Eager for his endorsement, candidates are toeing the line as they unveil their platforms, cautiously laying out how they would change the status quo without mentioning Baker by name.
They've also remained conspicuously silent about the mayor's successes at public events, although most have celebrated him in private one-on-one interviews with the Times.
The overall effect can sometimes come across as a whitewashing of the candidates' political philosophies, making it difficult to readily identify which contenders hope to continue Baker's legacy and which don't.
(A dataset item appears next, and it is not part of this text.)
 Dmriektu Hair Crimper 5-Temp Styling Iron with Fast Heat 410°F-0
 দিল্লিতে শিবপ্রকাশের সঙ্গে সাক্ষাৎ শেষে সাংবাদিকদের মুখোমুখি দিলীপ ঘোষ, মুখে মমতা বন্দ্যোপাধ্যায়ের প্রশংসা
"They need to make themselves stand out, but they can't really overtly criticize what's been going on in City Hall because people are generally happy," said Judithanne Scourfield McLauchlan, director of the Center for Civic Engagement at the University of South Florida St. Petersburg. "Or if they were too far out there saying, 'I'm the best person to pick up the Baker mantle,' it could backfire.
"It's part of the problem why no one has been really able to get out there in front."
Like a majority of St. Petersburg voters, Baker said he is still trying to decide who to vote for in the Sept. 1 primary.
"We have some good candidates, and I think it is appropriate that they speak for themselves," Baker said.
Voters, meanwhile don't seem too eager to say goodbye.
Forty-nine percent of residents believe the city is heading in the right direction, according to a recent St. Petersburg Times poll. Twenty-nine percent think the city is on the wrong track, and 22 percent said they don't know.
Many voters also viewed Baker's City Hall as a capable steward of the public purse, with 42 percent saying the city spends tax dollars wisely and effectively always or most of the time.
Baker himself also enjoys widespread popularity, with 55 percent of voters rating his job performance as excellent or good. In contrast, only 10 percent said Baker had done a poor or not-so-good job.
The poll surveyed 600 registered city voters June 11-16 and has a 4 point margin of error.
Based on such approval ratings, the candidates should sing Baker's praises, supporters said.
"I would be riding Mayor Baker's coattails," said Sembler executive Craig Sher,
But candidate discussions in recent weeks can give the impression that St. Petersburg is a city without a mayor.
Pressed about whether he would retain or replace police Chief Chuck Harmon, lawyer Bill Foster concluded Harmon wasn't the problem during a recent mayoral forum. Harmon merely needed a new boss.
What Foster didn't say? Harmon answers to Baker.
Corporate executive Deveron Gibbons, a longtime Baker supporter, made a similar omission discussing his plan to balance the budget at an event Tuesday.
"Where we are top heavy, let's cut out the fat," Gibbons said.
What he left out? Baker has been the butcher for nine years.
Such maneuvering is smart, political observers say.
"It would be the kiss of the death to say I want to do things differently from Mayor Baker," said J. Edwin Benton, a government professor at University of South Florida Tampa.
Of the major candidates, City Council member Jamie Bennett appears the most likely to continue along the course set by Baker.
Lawyer Kathleen Ford, Baker's rival in the 2001 election, has been his fiercest critic and the staunchest advocate for change.
Foster and real estate investor Scott Wagman seem to fall somewhere in the middle of the scale. Business owner Larry Williams and Gibbons have yet to unveil detailed plans.
Foster said Baker has not played an obvious role in his public policy discussions because his tenure was marked by economic prosperity.
"It is almost like we are running for a different position," Foster said. "Times are different. Quality of life has been redefined. And I think the next mayor has different challenges."
But Baker is still mayor, and he has one more card to play.
In a twist, Baker said Thursday he could endorse a candidate in the primary. Previously, he said he would wait until the general election. He said he has narrowed the field to three or four candidates but declined to give names.
The very notion has most candidates hoping Baker favors their campaign, and if not, that he stays quiet.
"Everyone would love to have his endorsement," Bennett said.